▸ Task goal
Copy all of the entries that follow, exactly.

==== Working data ====

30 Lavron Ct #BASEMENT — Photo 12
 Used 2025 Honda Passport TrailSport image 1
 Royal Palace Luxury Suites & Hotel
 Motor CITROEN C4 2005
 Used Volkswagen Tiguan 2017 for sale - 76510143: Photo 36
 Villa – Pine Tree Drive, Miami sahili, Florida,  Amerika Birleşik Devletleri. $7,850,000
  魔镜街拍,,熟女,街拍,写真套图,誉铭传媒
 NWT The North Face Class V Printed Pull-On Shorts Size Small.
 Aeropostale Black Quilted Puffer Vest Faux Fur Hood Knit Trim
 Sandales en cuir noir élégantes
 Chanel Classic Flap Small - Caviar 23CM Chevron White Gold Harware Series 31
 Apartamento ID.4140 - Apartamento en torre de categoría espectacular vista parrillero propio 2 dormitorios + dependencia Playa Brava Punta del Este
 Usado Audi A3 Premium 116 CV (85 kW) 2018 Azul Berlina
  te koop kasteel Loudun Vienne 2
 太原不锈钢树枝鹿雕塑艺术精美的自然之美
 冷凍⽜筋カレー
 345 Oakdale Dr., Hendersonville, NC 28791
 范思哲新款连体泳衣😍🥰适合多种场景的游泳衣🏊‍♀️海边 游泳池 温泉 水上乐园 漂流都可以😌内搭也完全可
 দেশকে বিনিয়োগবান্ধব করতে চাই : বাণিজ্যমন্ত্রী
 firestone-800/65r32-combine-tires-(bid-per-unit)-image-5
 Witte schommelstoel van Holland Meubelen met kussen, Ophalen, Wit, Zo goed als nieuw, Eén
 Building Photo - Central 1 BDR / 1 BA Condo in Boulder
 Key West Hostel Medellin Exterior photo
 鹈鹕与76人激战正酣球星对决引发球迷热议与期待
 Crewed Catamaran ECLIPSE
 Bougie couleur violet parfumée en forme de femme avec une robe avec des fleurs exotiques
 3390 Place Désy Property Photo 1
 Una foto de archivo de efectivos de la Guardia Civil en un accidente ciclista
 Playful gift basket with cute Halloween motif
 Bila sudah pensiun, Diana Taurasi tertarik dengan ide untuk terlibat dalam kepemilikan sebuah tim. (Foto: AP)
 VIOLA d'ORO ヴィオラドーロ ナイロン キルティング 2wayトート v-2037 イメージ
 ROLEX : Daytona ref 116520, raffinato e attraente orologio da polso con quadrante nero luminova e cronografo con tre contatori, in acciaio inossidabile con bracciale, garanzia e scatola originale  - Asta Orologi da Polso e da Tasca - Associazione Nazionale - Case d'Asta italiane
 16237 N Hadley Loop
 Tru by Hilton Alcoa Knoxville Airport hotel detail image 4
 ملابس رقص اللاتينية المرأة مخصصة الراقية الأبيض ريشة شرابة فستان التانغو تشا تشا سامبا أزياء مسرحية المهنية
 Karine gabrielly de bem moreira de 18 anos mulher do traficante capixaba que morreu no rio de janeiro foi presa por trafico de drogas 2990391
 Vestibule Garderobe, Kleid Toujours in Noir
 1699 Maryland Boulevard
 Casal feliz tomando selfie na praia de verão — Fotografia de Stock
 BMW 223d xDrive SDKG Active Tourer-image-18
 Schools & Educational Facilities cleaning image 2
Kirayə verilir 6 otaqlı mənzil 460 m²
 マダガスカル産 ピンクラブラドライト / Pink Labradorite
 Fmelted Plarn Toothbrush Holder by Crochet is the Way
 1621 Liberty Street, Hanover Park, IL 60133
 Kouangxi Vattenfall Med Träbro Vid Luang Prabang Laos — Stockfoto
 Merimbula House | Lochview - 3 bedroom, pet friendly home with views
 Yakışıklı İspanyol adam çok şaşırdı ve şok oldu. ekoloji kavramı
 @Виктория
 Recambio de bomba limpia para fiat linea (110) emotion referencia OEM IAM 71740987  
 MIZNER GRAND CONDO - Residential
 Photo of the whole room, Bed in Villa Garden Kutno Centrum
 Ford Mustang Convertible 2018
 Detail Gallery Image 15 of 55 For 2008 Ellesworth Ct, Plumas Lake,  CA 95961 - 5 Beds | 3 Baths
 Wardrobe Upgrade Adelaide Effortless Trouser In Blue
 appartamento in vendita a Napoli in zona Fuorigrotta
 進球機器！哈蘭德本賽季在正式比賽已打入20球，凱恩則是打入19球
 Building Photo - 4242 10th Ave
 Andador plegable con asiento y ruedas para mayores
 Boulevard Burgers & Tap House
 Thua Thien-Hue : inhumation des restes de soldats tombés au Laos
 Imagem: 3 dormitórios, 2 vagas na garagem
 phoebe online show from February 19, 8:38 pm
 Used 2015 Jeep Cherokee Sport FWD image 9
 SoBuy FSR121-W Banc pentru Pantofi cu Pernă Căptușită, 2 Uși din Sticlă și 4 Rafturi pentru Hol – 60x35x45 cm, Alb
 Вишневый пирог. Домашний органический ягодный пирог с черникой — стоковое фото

====

▸ Written response
30 Lavron Ct #BASEMENT — Photo 12
 Used 2025 Honda Passport TrailSport image 1
 Royal Palace Luxury Suites & Hotel
 Motor CITROEN C4 2005
 Used Volkswagen Tiguan 2017 for sale - 76510143: Photo 36
 Villa – Pine Tree Drive, Miami sahili, Florida,  Amerika Birleşik Devletleri. $7,850,000
  魔镜街拍,,熟女,街拍,写真套图,誉铭传媒
 NWT The North Face Class V Printed Pull-On Shorts Size Small.
 Aeropostale Black Quilted Puffer Vest Faux Fur Hood Knit Trim
 Sandales en cuir noir élégantes
 Chanel Classic Flap Small - Caviar 23CM Chevron White Gold Harware Series 31
 Apartamento ID.4140 - Apartamento en torre de categoría espectacular vista parrillero propio 2 dormitorios + dependencia Playa Brava Punta del Este
 Usado Audi A3 Premium 116 CV (85 kW) 2018 Azul Berlina
  te koop kasteel Loudun Vienne 2
 太原不锈钢树枝鹿雕塑艺术精美的自然之美
 冷凍⽜筋カレー
 345 Oakdale Dr., Hendersonville, NC 28791
 范思哲新款连体泳衣😍🥰适合多种场景的游泳衣🏊‍♀️海边 游泳池 温泉 水上乐园 漂流都可以😌内搭也完全可
 দেশকে বিনিয়োগবান্ধব করতে চাই : বাণিজ্যমন্ত্রী
 firestone-800/65r32-combine-tires-(bid-per-unit)-image-5
 Witte schommelstoel van Holland Meubelen met kussen, Ophalen, Wit, Zo goed als nieuw, Eén
 Building Photo - Central 1 BDR / 1 BA Condo in Boulder
 Key West Hostel Medellin Exterior photo
 鹈鹕与76人激战正酣球星对决引发球迷热议与期待
 Crewed Catamaran ECLIPSE
 Bougie couleur violet parfumée en forme de femme avec une robe avec des fleurs exotiques
 3390 Place Désy Property Photo 1
 Una foto de archivo de efectivos de la Guardia Civil en un accidente ciclista
 Playful gift basket with cute Halloween motif
 Bila sudah pensiun, Diana Taurasi tertarik dengan ide untuk terlibat dalam kepemilikan sebuah tim. (Foto: AP)
 VIOLA d'ORO ヴィオラドーロ ナイロン キルティング 2wayトート v-2037 イメージ
 ROLEX : Daytona ref 116520, raffinato e attraente orologio da polso con quadrante nero luminova e cronografo con tre contatori, in acciaio inossidabile con bracciale, garanzia e scatola originale  - Asta Orologi da Polso e da Tasca - Associazione Nazionale - Case d'Asta italiane
 16237 N Hadley Loop
 Tru by Hilton Alcoa Knoxville Airport hotel detail image 4
 ملابس رقص اللاتينية المرأة مخصصة الراقية الأبيض ريشة شرابة فستان التانغو تشا تشا سامبا أزياء مسرحية المهنية
 Karine gabrielly de bem moreira de 18 anos mulher do traficante capixaba que morreu no rio de janeiro foi presa por trafico de drogas 2990391
 Vestibule Garderobe, Kleid Toujours in Noir
 1699 Maryland Boulevard
 Casal feliz tomando selfie na praia de verão — Fotografia de Stock
 BMW 223d xDrive SDKG Active Tourer-image-18
 Schools & Educational Facilities cleaning image 2
Kirayə verilir 6 otaqlı mənzil 460 m²
 マダガスカル産 ピンクラブラドライト / Pink Labradorite
 Fmelted Plarn Toothbrush Holder by Crochet is the Way
 1621 Liberty Street, Hanover Park, IL 60133
 Kouangxi Vattenfall Med Träbro Vid Luang Prabang Laos — Stockfoto
 Merimbula House | Lochview - 3 bedroom, pet friendly home with views
 Yakışıklı İspanyol adam çok şaşırdı ve şok oldu. ekoloji kavramı
 @Виктория
 Recambio de bomba limpia para fiat linea (110) emotion referencia OEM IAM 71740987  
 MIZNER GRAND CONDO - Residential
 Photo of the whole room, Bed in Villa Garden Kutno Centrum
 Ford Mustang Convertible 2018
 Detail Gallery Image 15 of 55 For 2008 Ellesworth Ct, Plumas Lake,  CA 95961 - 5 Beds | 3 Baths
 Wardrobe Upgrade Adelaide Effortless Trouser In Blue
 appartamento in vendita a Napoli in zona Fuorigrotta
 進球機器！哈蘭德本賽季在正式比賽已打入20球，凱恩則是打入19球
 Building Photo - 4242 10th Ave
 Andador plegable con asiento y ruedas para mayores
 Boulevard Burgers & Tap House
 Thua Thien-Hue : inhumation des restes de soldats tombés au Laos
 Imagem: 3 dormitórios, 2 vagas na garagem
 phoebe online show from February 19, 8:38 pm
 Used 2015 Jeep Cherokee Sport FWD image 9
 SoBuy FSR121-W Banc pentru Pantofi cu Pernă Căptușită, 2 Uși din Sticlă și 4 Rafturi pentru Hol – 60x35x45 cm, Alb
 Вишневый пирог. Домашний органический ягодный пирог с черникой — стоковое фото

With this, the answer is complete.